_ABOUT THIS TASK_. Apart from the pictures, everything in the lines below must be printed exactly.

>>

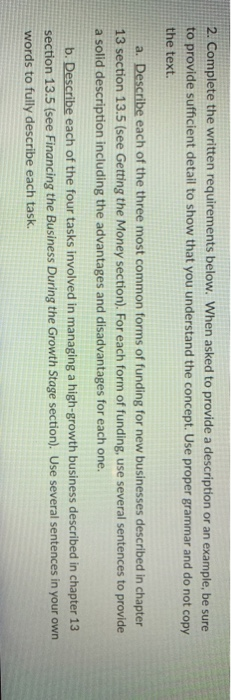 2. Complete the written requirements below. When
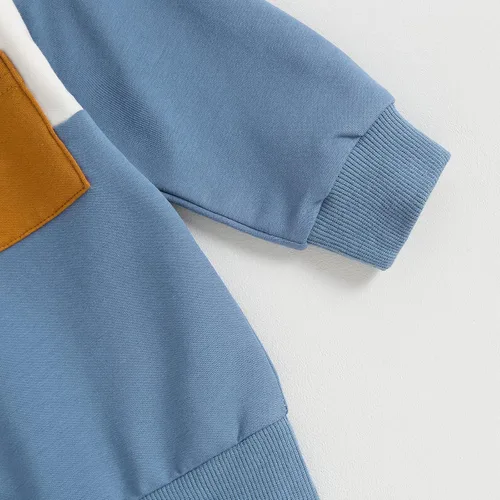 Vista 5 de WZTYYDS Conjunto de ropa de 2 piezas de manga larga con contraste de color y cordón para bebé, 0-3T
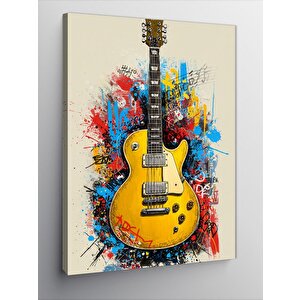 Kanvas Tablo Renkli Elektro Gitar 70x100 cm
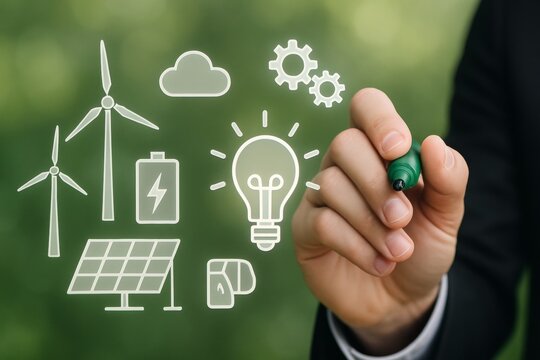Hand drawing eco-friendly energy concept with green icons including wind turbines, battery, solar panel, gears, and lightbulb on blurred background. Ai generative
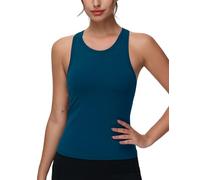 THE GYM PEOPLE Women's Racerback Gym Tank Tops Slim Fit Sleeveless Shirts | Back Arc Design, Moisture-wicking, No Built-in Bra, 4 Way Stretch, Crew Neck, Yoga, Pilates, Running, Tennis and Casual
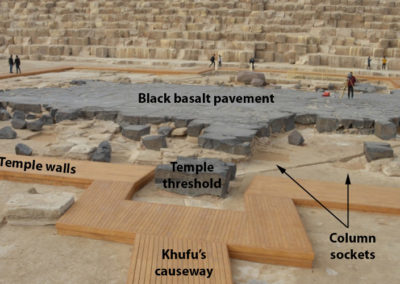An annotated photo of the work at the Great Pyramid Temple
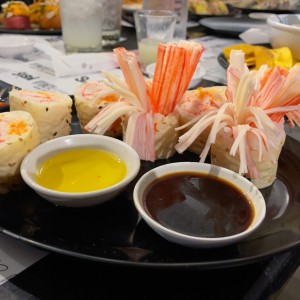 Roll de cangrejo con mantequilla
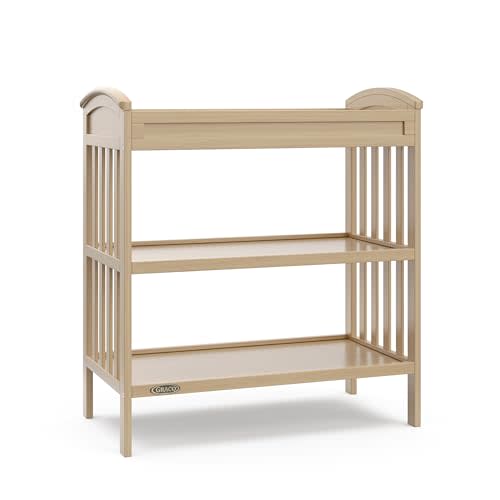 Graco Benton Changing Table with Bonus Water-Resistant Changing Pad (Driftwood) - GREENGUARD Gold Certified, Includes Diaper Change Pad with Safety Strap, 2 Open Storage Shelves for Organizing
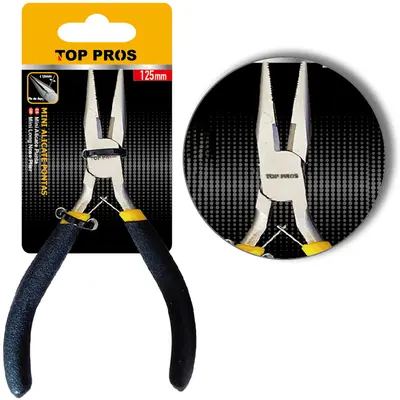 MINI ALICATE DE BICO MEIA CANA RETO 4,5'' COM MOLA CABO EMBORRACHADO TOP PROS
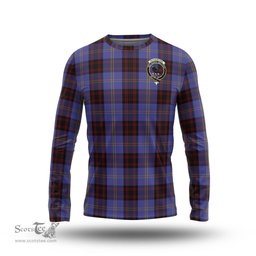 ScotsTee Shop Scottish Rutherford Clan Crest Tartan Long Sleeve T Shirt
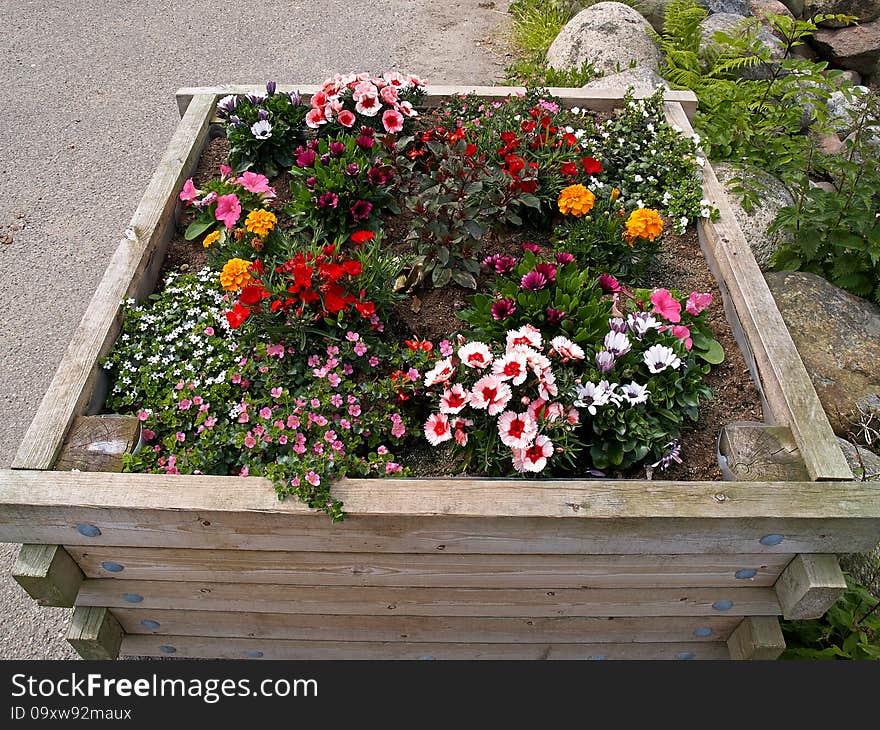 Classical beautiful wooden street flower pot Denmark. Classical beautiful wooden street flower pot Denmark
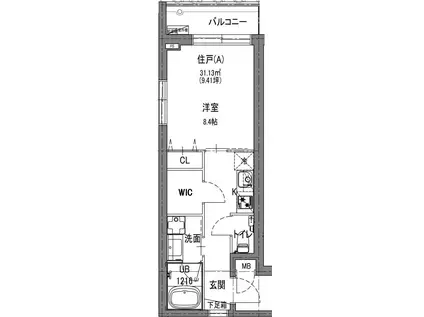 LALA NISHIAZABU(1K/1階)の間取り写真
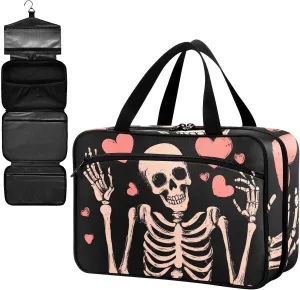 Fustylead Happy Skeleton and Hearts Large Medicine Bag Travel Pill Bottle Organizer with Zipper, Empty First Aid Bag for Camping Hiking Outdoors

<<

_SOLVED PROBLEM_.
 2. Complete the written requirements below. When
 Vista 5 de WZTYYDS Conjunto de ropa de 2 piezas de manga larga con contraste de color y cordón para bebé, 0-3T
 Kanvas Tablo Renkli Elektro Gitar 70x100 cm
Hand drawing eco-friendly energy concept with green icons including wind turbines, battery, solar panel, gears, and lightbulb on blurred background. Ai generative
 THE GYM PEOPLE Women's Racerback Gym Tank Tops Slim Fit Sleeveless Shirts | Back Arc Design, Moisture-wicking, No Built-in Bra, 4 Way Stretch, Crew Neck, Yoga, Pilates, Running, Tennis and Casual
An annotated photo of the work at the Great Pyramid Temple
 Roll de cangrejo con mantequilla
 Graco Benton Changing Table with Bonus Water-Resistant Changing Pad (Driftwood) - GREENGUARD Gold Certified, Includes Diaper Change Pad with Safety Strap, 2 Open Storage Shelves for Organizing
 MINI ALICATE DE BICO MEIA CANA RETO 4,5'' COM MOLA CABO EMBORRACHADO TOP PROS
 ScotsTee Shop Scottish Rutherford Clan Crest Tartan Long Sleeve T Shirt
 Classical beautiful wooden street flower pot Denmark. Classical beautiful wooden street flower pot Denmark
 LALA NISHIAZABU(1K/1階)の間取り写真
 Fustylead Happy Skeleton and Hearts Large Medicine Bag Travel Pill Bottle Organizer with Zipper, Empty First Aid Bag for Camping Hiking Outdoors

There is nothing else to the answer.